[Dataset content Boundary: Start]

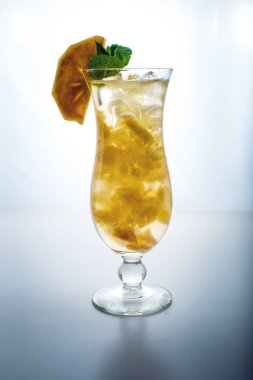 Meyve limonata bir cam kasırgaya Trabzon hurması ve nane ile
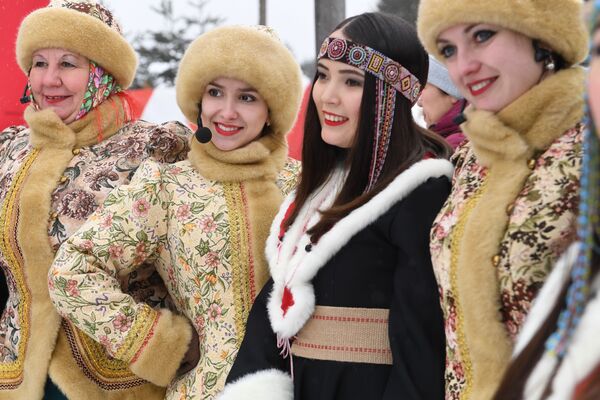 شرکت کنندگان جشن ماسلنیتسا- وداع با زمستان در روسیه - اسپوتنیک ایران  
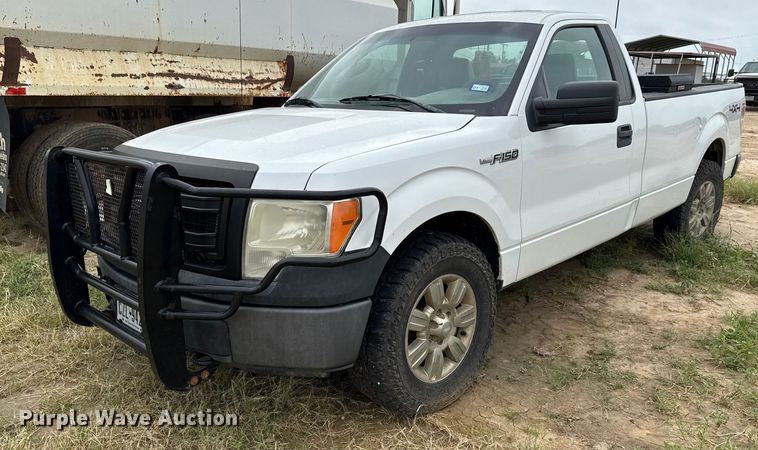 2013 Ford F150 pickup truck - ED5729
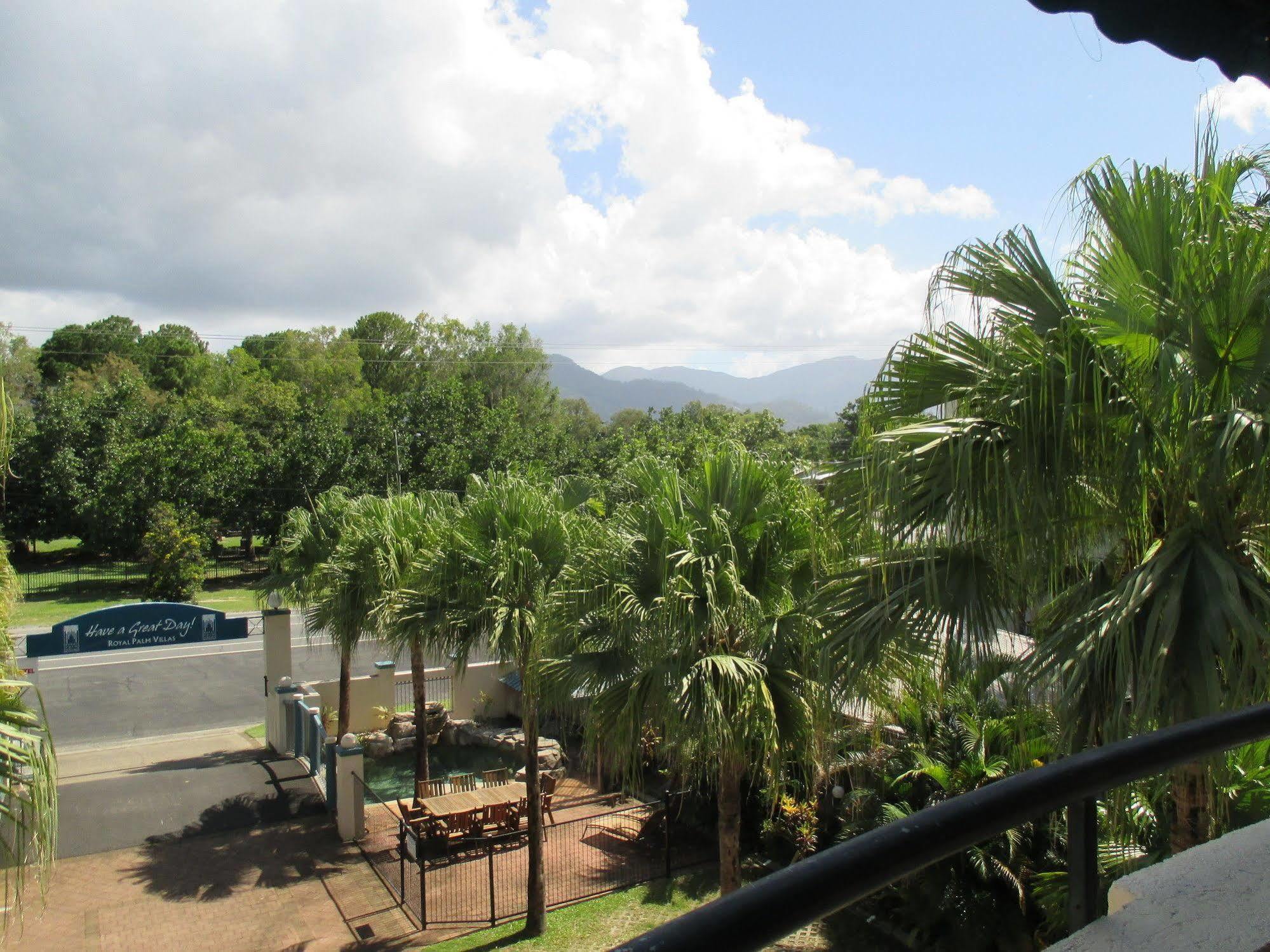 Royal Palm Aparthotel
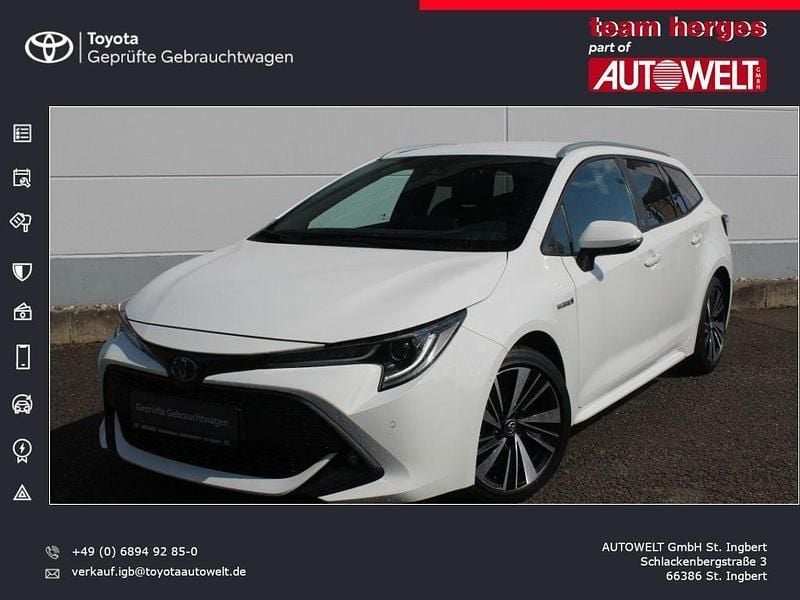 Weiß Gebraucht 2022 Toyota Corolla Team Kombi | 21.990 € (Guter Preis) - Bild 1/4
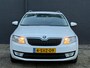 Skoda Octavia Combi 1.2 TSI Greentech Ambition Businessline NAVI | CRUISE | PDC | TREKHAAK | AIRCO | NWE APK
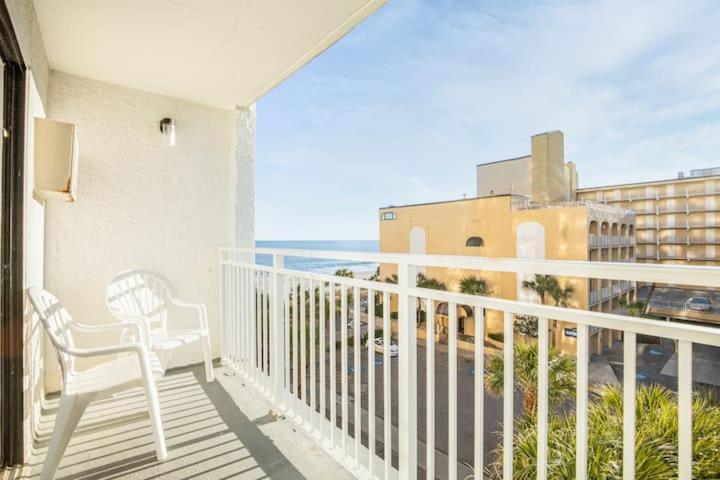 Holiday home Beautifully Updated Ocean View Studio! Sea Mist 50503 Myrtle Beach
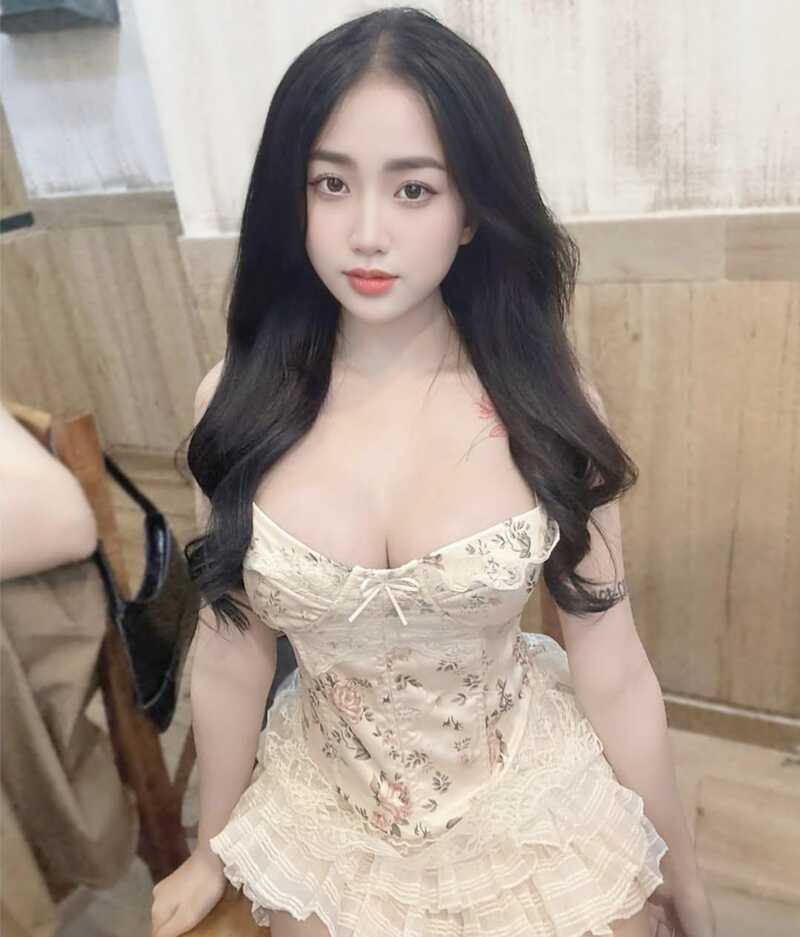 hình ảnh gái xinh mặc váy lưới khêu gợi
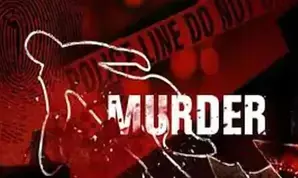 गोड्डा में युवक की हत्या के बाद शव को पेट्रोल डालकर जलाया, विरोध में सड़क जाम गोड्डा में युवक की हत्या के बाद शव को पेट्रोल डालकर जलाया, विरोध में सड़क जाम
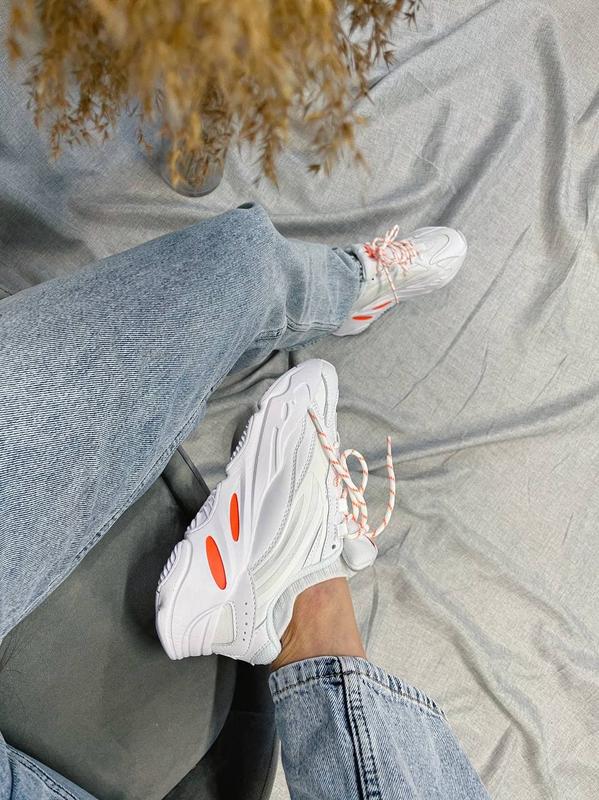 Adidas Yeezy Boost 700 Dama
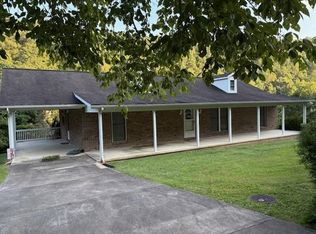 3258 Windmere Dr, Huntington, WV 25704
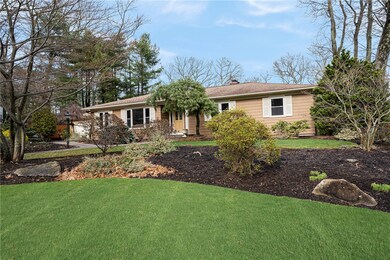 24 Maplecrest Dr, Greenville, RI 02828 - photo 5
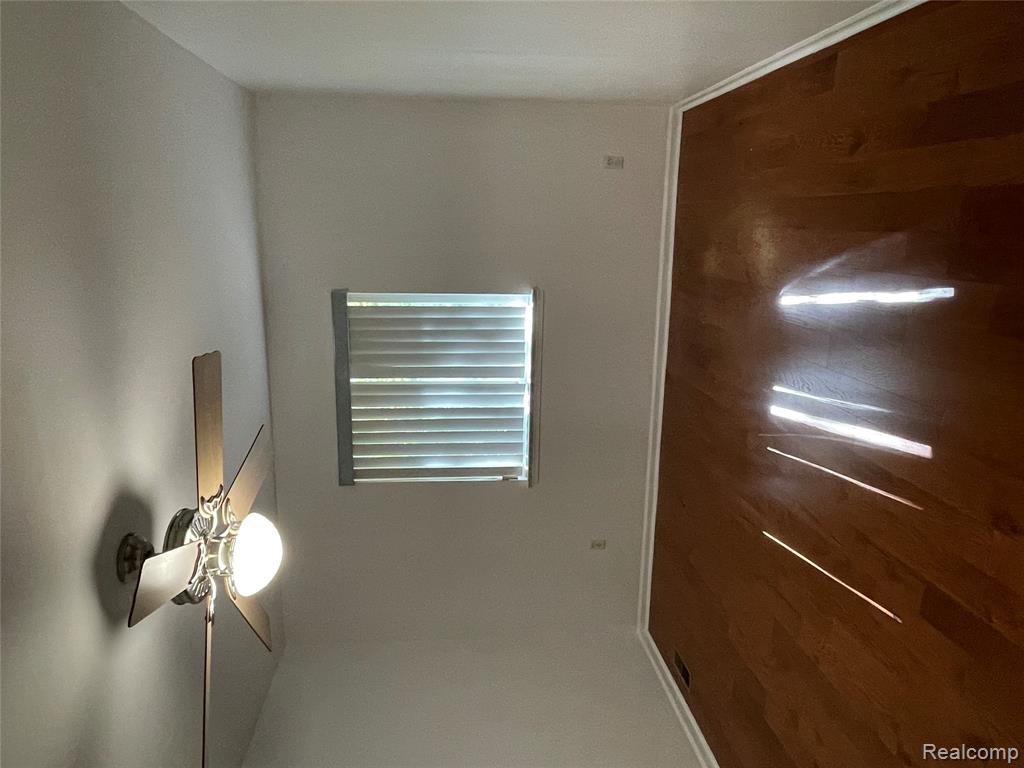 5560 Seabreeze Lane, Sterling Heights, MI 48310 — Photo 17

[Dataset content Boundary: End]

> **Task brief**: Pictures excluded, repeat the records exactly from their opening line through the line containing "Adidas Yeezy Boost 700 Dama".

> **Response**:
 Meyve limonata bir cam kasırgaya Trabzon hurması ve nane ile
 شرکت کنندگان جشن ماسلنیتسا- وداع با زمستان در روسیه - اسپوتنیک ایران  
 2013 Ford F150 pickup truck - ED5729
 Royal Palm Aparthotel
 Weiß Gebraucht 2022 Toyota Corolla Team Kombi | 21.990 € (Guter Preis) - Bild 1/4
 Skoda Octavia Combi 1.2 TSI Greentech Ambition Businessline NAVI | CRUISE | PDC | TREKHAAK | AIRCO | NWE APK
 Holiday home Beautifully Updated Ocean View Studio! Sea Mist 50503 Myrtle Beach
 hình ảnh gái xinh mặc váy lưới khêu gợi
 गोड्डा में युवक की हत्या के बाद शव को पेट्रोल डालकर जलाया, विरोध में सड़क जाम गोड्डा में युवक की हत्या के बाद शव को पेट्रोल डालकर जलाया, विरोध में सड़क जाम
 Adidas Yeezy Boost 700 Dama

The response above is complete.